Task requirements
The answer should consist solely of the lines from the first one below through the line containing "Jimmy Choo Cream", copied exactly.

··· Supplied material ···

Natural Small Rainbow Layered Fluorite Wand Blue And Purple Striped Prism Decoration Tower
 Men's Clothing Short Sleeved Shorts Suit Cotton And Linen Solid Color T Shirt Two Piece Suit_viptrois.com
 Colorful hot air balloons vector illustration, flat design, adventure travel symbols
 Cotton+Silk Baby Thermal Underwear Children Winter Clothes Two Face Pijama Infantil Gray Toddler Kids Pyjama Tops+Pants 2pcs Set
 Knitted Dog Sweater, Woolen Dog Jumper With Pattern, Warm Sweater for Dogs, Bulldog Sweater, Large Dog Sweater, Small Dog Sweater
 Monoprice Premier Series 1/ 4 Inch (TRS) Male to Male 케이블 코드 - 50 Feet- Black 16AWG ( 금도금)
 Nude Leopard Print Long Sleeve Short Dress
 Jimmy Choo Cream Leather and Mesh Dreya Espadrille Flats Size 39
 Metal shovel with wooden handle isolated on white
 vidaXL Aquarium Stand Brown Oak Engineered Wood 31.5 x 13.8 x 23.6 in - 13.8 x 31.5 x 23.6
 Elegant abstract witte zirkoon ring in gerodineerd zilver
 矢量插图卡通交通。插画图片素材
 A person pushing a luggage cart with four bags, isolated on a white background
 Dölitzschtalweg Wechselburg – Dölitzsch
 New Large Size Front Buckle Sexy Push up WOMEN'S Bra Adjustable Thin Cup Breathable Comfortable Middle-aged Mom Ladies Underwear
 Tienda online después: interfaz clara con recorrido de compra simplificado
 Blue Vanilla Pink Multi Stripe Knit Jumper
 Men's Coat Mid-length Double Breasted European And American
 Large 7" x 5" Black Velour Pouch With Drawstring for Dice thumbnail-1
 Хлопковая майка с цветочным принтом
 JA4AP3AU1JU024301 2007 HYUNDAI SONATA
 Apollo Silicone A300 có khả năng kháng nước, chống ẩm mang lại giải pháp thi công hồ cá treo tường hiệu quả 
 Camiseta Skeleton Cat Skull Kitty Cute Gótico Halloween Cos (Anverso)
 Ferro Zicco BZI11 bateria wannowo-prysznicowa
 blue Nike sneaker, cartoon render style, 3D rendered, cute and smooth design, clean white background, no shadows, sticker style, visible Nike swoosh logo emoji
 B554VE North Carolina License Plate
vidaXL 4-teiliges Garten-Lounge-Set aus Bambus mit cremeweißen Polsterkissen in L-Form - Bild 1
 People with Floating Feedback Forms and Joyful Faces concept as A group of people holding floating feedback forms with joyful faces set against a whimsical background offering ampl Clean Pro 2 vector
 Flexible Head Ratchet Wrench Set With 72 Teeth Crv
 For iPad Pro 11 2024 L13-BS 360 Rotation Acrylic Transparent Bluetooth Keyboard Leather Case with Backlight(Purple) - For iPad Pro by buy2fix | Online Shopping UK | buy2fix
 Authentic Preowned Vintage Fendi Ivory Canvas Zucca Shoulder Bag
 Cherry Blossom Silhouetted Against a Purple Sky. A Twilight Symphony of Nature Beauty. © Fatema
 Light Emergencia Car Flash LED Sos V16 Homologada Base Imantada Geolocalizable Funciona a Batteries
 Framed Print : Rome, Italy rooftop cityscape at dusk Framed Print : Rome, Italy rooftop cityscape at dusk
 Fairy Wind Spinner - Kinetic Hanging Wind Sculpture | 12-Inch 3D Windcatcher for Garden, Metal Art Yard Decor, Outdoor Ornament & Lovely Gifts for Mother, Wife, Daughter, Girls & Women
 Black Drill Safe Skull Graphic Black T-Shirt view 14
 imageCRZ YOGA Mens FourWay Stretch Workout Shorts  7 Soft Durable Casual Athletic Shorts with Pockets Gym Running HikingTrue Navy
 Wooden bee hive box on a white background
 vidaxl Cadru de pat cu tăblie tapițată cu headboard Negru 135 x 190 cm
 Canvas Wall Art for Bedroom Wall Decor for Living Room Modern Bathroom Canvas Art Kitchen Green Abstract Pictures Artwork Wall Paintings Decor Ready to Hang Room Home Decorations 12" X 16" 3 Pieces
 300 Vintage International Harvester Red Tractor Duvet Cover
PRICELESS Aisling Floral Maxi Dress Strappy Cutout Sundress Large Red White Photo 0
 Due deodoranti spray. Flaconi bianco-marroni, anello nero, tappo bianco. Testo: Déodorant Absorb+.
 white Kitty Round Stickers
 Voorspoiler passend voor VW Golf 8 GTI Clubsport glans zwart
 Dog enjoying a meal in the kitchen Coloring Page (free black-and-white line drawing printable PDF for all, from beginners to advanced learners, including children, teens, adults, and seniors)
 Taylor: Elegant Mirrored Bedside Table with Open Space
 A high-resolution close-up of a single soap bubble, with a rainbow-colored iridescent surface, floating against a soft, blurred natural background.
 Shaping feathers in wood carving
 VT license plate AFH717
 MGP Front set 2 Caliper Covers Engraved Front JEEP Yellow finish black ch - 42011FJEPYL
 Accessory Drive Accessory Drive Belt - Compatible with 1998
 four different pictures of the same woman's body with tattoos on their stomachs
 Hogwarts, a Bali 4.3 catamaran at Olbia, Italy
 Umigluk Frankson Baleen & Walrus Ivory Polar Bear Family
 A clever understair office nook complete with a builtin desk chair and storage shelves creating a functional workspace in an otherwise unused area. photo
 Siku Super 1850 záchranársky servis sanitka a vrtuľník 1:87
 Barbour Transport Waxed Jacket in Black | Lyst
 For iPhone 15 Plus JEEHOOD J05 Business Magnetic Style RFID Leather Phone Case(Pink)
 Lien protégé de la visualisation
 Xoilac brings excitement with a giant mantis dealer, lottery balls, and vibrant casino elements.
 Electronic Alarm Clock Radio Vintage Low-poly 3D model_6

···

Task response
Natural Small Rainbow Layered Fluorite Wand Blue And Purple Striped Prism Decoration Tower
 Men's Clothing Short Sleeved Shorts Suit Cotton And Linen Solid Color T Shirt Two Piece Suit_viptrois.com
 Colorful hot air balloons vector illustration, flat design, adventure travel symbols
 Cotton+Silk Baby Thermal Underwear Children Winter Clothes Two Face Pijama Infantil Gray Toddler Kids Pyjama Tops+Pants 2pcs Set
 Knitted Dog Sweater, Woolen Dog Jumper With Pattern, Warm Sweater for Dogs, Bulldog Sweater, Large Dog Sweater, Small Dog Sweater
 Monoprice Premier Series 1/ 4 Inch (TRS) Male to Male 케이블 코드 - 50 Feet- Black 16AWG ( 금도금)
 Nude Leopard Print Long Sleeve Short Dress
 Jimmy Choo Cream Leather and Mesh Dreya Espadrille Flats Size 39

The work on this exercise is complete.